BRIEF DESCRIPTION OF THE FIGURES
[0063] FIG. 1 is a block diagram of a network including an
evaluation and design system according to an embodiment of the
invention.
[0064] FIG. 2 is a flow chart illustrating a method according to an
embodiment of the invention for creating a search engine within the
system of FIG. 1.
[0065] FIG. 3 is a flow chart illustrating a method of using a
search engine.
[0066] FIG. 4. Example of the design of a compound using a search
engine. Top panel: The naturally occurring biologically active
estrogen, estradiol, fit within the estrogen search engine.
Estradiol was one of the standards used to create the search
engine. The arrows indicate portions of the molecule which could be
altered to improve the volume of fit within the Connolly surface
(yellow). Improved fit to the estrogen search engine is predicted
to result in a candidate estrogen with improved biological potency.
The nucleic acid exclusion volume is shown in magenta.

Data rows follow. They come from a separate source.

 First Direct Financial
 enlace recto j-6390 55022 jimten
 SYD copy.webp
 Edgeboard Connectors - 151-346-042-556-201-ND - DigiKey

[0067] Bottom Panel: 11.beta.-methoxy-7.alpha.-methylestradiol
(also called PDC-7 herein) is an example of a molecule which is an
analog of estradiol and has suitable substitutions (arrows; cf top
panel) that improve volume fit to the Connolly surface (yellow) of
the estrogen search engine. PDC-7 was not used in the creation of
the estrogen search engine but hits the estrogen search engine.
PDC-7 has improved biological potency over estradiol in
uterotrophic assays as predicted by better fit.
[0068] FIG. 5. Top Left: Skeletal models of biologically active
estrogens (standards) docked into partially unwound DNA.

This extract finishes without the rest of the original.